Caption-style text data ▸
▬▬▬▬▬▬
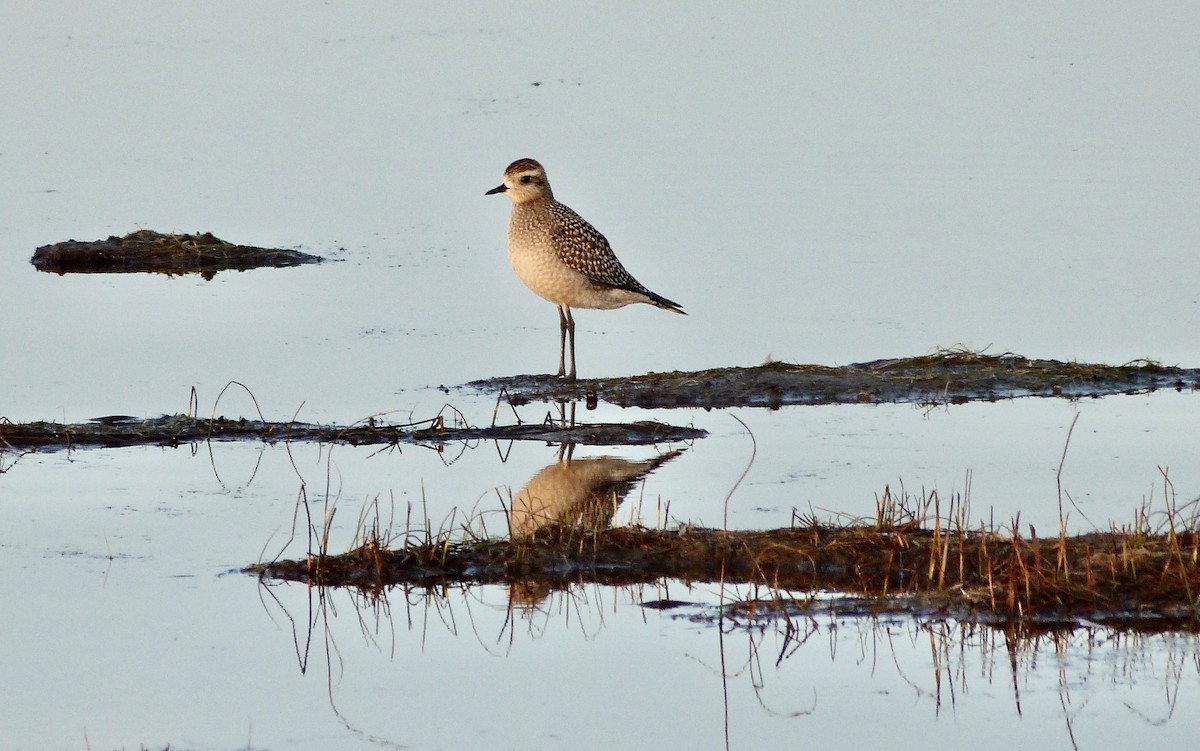 American Golden-Plover - ML380393621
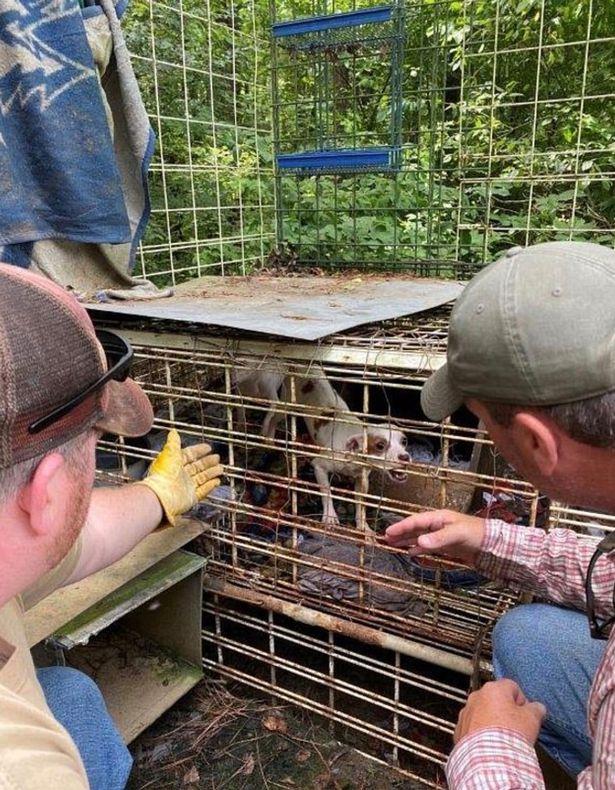 Un copil de aproape doi ani, ținut într-un coteț! Polițiștii au suferit un șoc! „Nu am mai văzut așa ceva”! Atenție, imagini greu de privit! FOTO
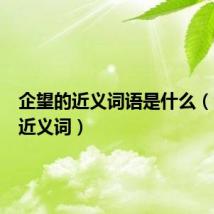 企望的近义词语是什么（企望的近义词）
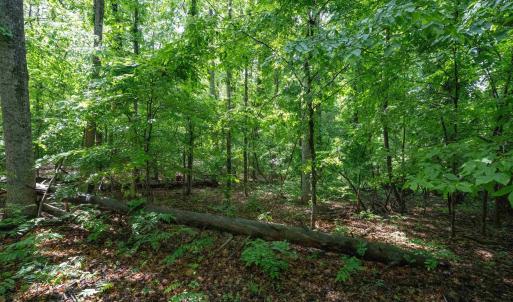 Photo #24 of GILBERT STATION RD, BARBOURSVILLE, VA 7.7 acres
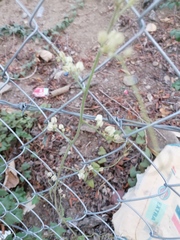 Antigonon flavescens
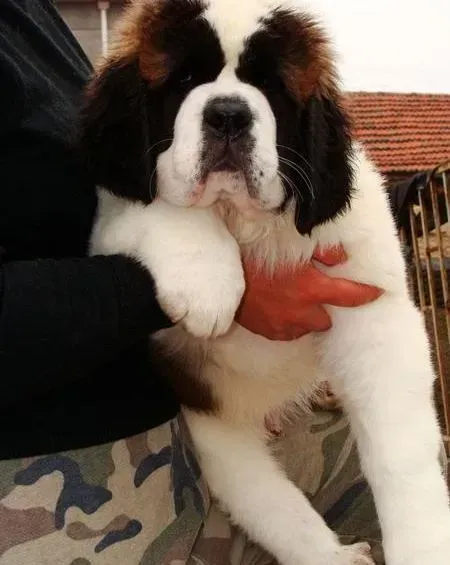 圣伯纳犬|给圣伯纳犬科学的做个美容吧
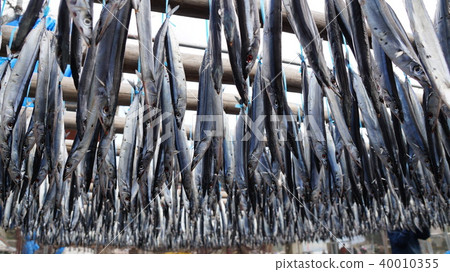 Braised saury 40010355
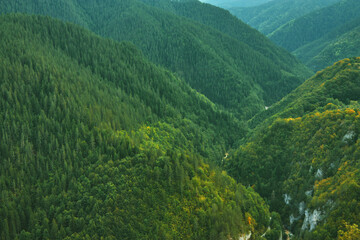 Panoramic view of coniferous forest in the mountains at sunset.
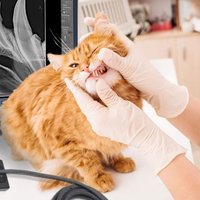 thumb: Medici DR Dental-Systeme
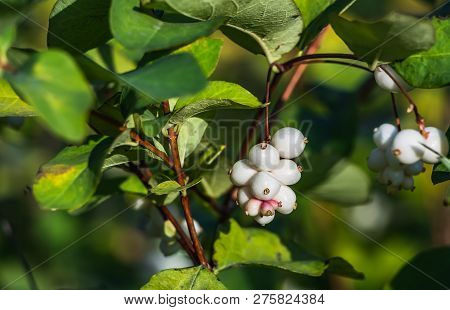 A Brush Of White And Green Berries Svidina White With Green Leaves In Autumn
▬▬▬▬▬▬
Assignment ▸ Take the line containing "thumb: Medici DR Dental-Systeme" and every line after it up to the end of the data, and write them out exactly, without the pictures.

Answer ▸
 thumb: Medici DR Dental-Systeme
 A Brush Of White And Green Berries Svidina White With Green Leaves In Autumn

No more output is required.